Con il consenso dell’autore, rendiamo pubblica la lettera inviataci da Luca Semeraro, con cui viene sottoposto a critica il nostro documento intitolato “I rischi dell’udienza telematica”, che ripubblichiamo a seguire.
Le critiche di Luca – così come gli altri interventi, favorevoli e contrari, che si sono susseguiti finora – offrono un’importante occasione di discussione e di approfondimento.
Abbiamo sempre ritenuto l’apertura al confronto una cifra qualificante del nostro modo di intendere l’impegno associativo.
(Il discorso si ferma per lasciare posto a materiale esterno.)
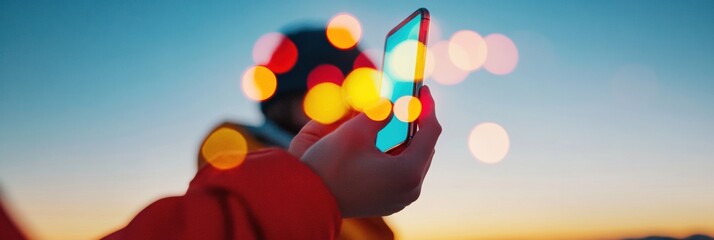 Poster - Immersive Digital Connection Gen Z Smartphone Experience with Vibrant Notification Bokeh - Next-Gen Mobile Engagement and Creative Tech Interaction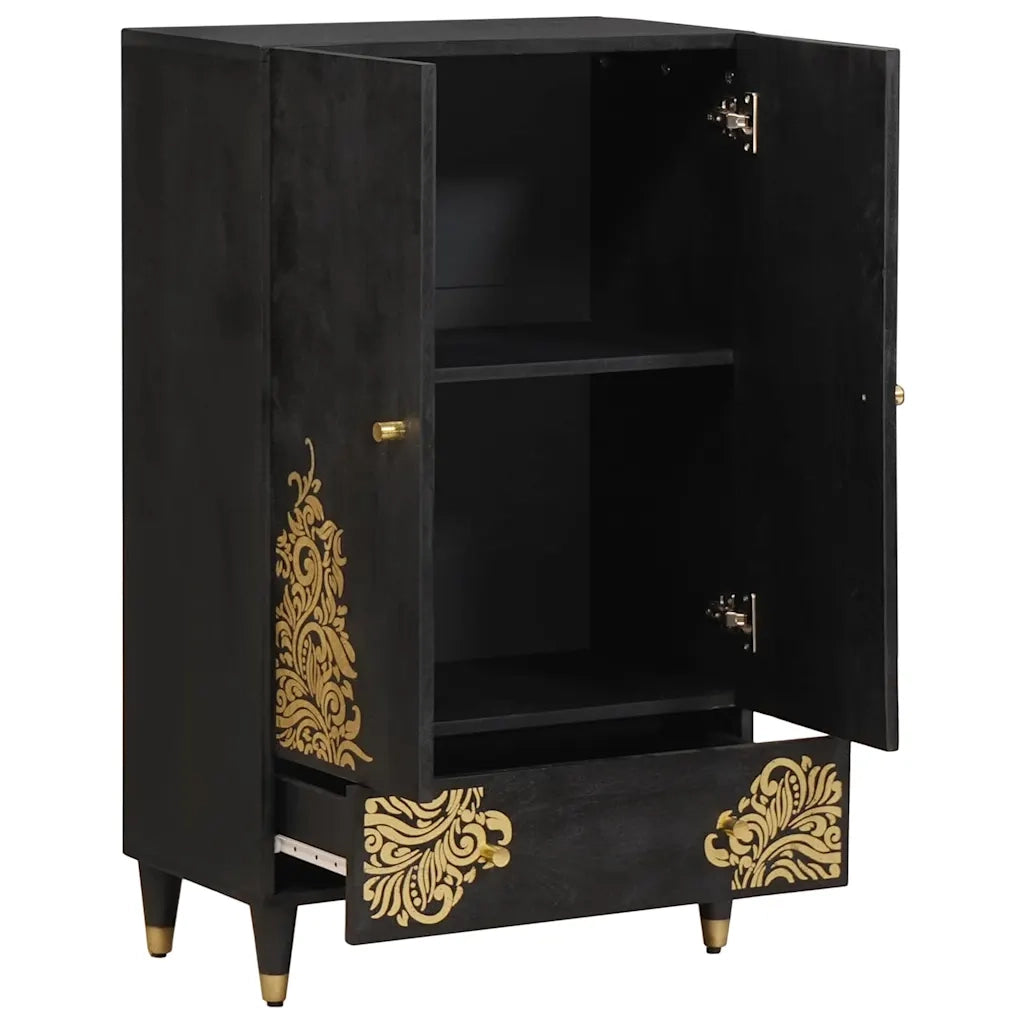 Credenza | Madia | Buffet da pranzo | Armadio da pranzo Nero 60 x 33 x 100 cm Legno di mango massello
Vorremmo, infatti, essere fautori di un associazionismo plurale e composito, che si nutre e arricchisce tanto dei contributi collettivi quanto di quelli individuali.
Le osservazioni di Luca ci stimolano ad offrire una risposta sui temi oggetto del nostro documento, frutto di una riflessione condotta all’interno e all’esterno dell’esecutivo.
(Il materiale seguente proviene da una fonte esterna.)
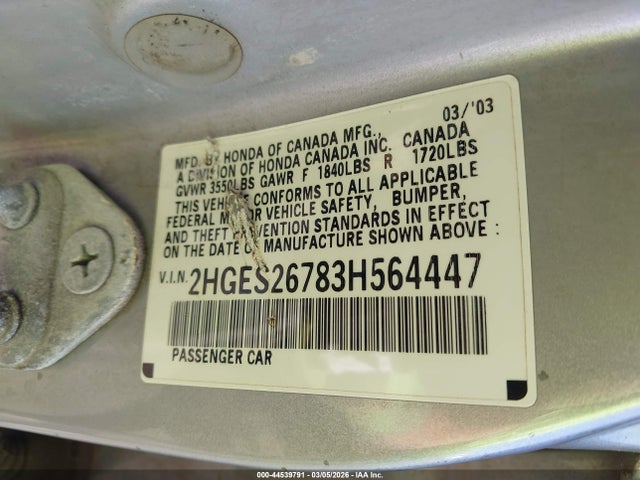 2003 HONDA CIVIC 2HGES26783H564447 Photo 8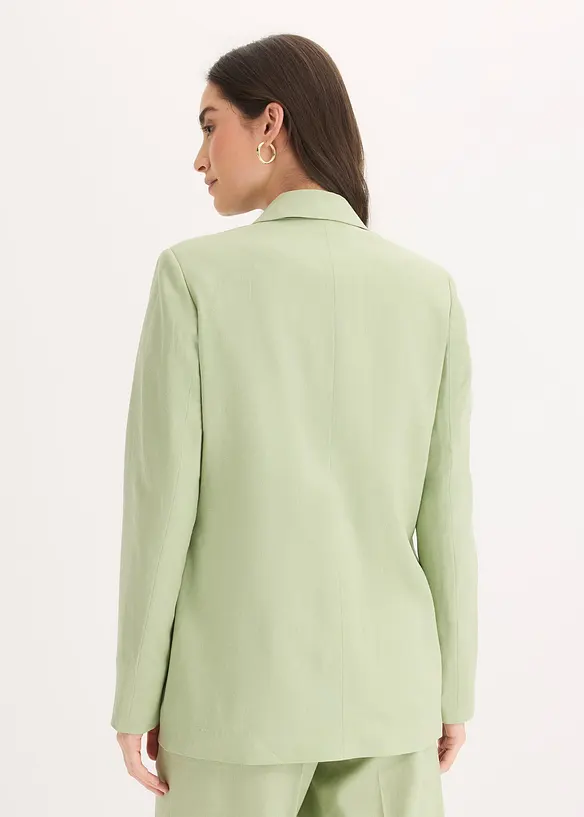 Leinen-Blazer in grün von hinten (im Anschnitt) - bonprix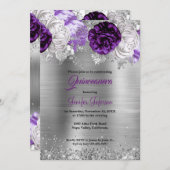 Paarse bloemenquinceanera Uitnodiging (Voorkant / Achterkant)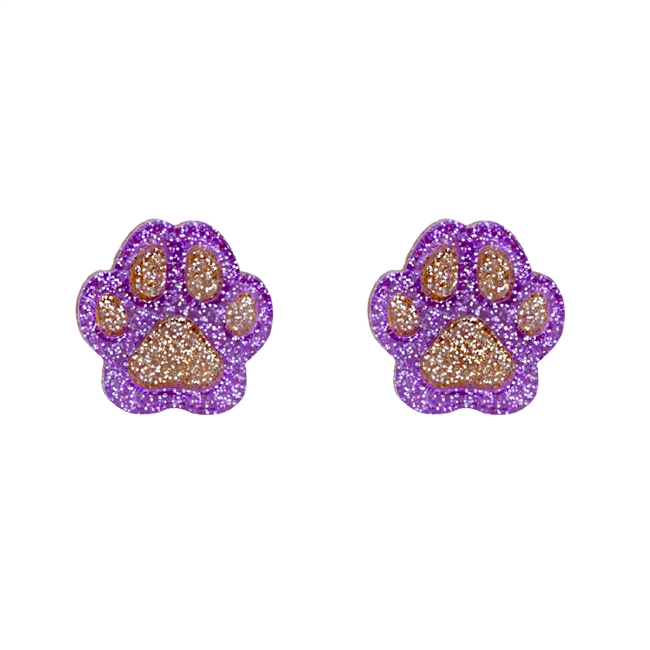 Glitter Tiger Paw Studs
Nel frattempo, auspichiamo che il dibattito possa proseguire in maniera approfondita, anche favorito dall’attuale condizione di lockdown, che ci consente una possibilità di sedimentazione, di approfondimento e di attenzione in altri tempi sconosciuta.

L’Esecutivo di Magistratura democratica



1. La lettera di Luca Semeraro

Al Presidente di Magistratura democratica
Al Segretario di Magistratura democratica
Ai colleghi dell’esecutivo

Carissimi colleghi, ritengo necessario esprimere il mio dissenso dal documento dal titolo “I rischi dell’udienza telematica”.
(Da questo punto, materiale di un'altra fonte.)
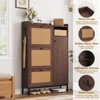 Rattan Shoe Cabinet with 3 Flip Drawers, Freestanding 4-Tier Shoe Storage Organizer with Adjustable Shelves - 4 of 4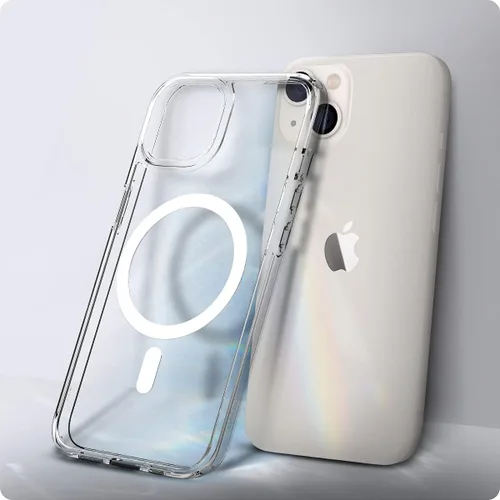 Vista 5 de Spigen Funda para iPhone 13 Mini, ultra híbrida MagFit [antiamarilleo] [compatible con Magsafe] - Transparente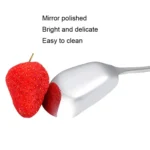 Medium 304 Stainless Steel Spoon Glossy Thickened Flat Head Flat Bottom Serving Spoon - Image 6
Premesso che la tutela e la garanzia “al massimo” dei diritti e delle libertà è un valore condiviso, parto dal titolo del documento.
Ad un gruppo che usa i social network, che pubblica una rivista on line e si avvale (o si avvaleva) di un esperto di comunicazione, non può sfuggire l’importanza del titolo del documento: è la sintesi del messaggio, quello che si vuole sia ripreso, anche dai media, con immediatezza.
Dunque, l’udienza telematica è rischiosa: cioè pericolosa, perché comporta la probabilità di un danno (cfr. Vocabolario Treccani).
Il titolo spara, quindi, subito il giudizio negativo dell’esecutivo di Magistratura democratica sull’udienza telematica.
Tale giudizio negativo è stato espresso in tempi di emergenza quando si sta cercando, anche con notevoli sforzi, di non bloccare tutta l’attività giudiziaria, ricorrendovi in casi limitati e proponendo ampliamenti in specifiche procedure; senza valutare che conviveremo con un post emergenza che non sarà breve ed infine che da questa esperienza dobbiamo trarre le cose che possono essere molto utili anche per il futuro.
Che si tratti poi di un giudizio negativo sull’udienza telematica, senza alcuna distinzione di sorta, emerge anche dal contenuto.
Il documento inizia infatti accennando alle udienze telematiche in tempi di emergenza per tornare poi, per la normalità, al giudizio negativo sulle modalità telematiche: e lo fa citando esperienze limitate e specifiche di alcuni settori dei processi civile e penale, come risulta chiaramente dal riferimento alla conciliazione, alle convalide delle misure precautelari ed alla partecipazione a distanza. In sostanza, si ribadisce il generale giudizio negativo erigendo un muro, per il futuro, in base ad alcune fasi procedimentali senza neanche valutare che ne esistono altre nelle quali i problemi esposti non si pongono minimamente. Trarre una valutazione generale, perché tale è, da situazioni particolari è un errore logico; la scelta dei tempi ed il rifiuto in sé, per me, è un errore politico.
Perché, ove il legislatore lo preveda, come si chiede da più parti, un avvocato di Lecce non può chiedere di partecipare a distanza all’udienza di opposizione all’archiviazione a Milano? Può discutere, magari per 10’, senza percorrere 1000 km?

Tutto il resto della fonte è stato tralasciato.